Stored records
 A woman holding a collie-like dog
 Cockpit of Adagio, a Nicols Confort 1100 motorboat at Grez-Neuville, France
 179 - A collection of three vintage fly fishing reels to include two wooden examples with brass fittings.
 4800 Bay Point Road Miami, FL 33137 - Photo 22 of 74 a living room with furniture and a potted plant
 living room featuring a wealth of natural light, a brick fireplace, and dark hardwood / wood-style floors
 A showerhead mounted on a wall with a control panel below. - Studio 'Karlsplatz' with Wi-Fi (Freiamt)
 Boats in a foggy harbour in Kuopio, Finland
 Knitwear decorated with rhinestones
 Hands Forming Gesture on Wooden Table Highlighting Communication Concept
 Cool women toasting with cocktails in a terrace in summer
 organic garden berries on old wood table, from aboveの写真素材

▶ What needs to be done
Tally the lines of the data that contain the word "with", and give only that tally.

▶ Result of this exercise
5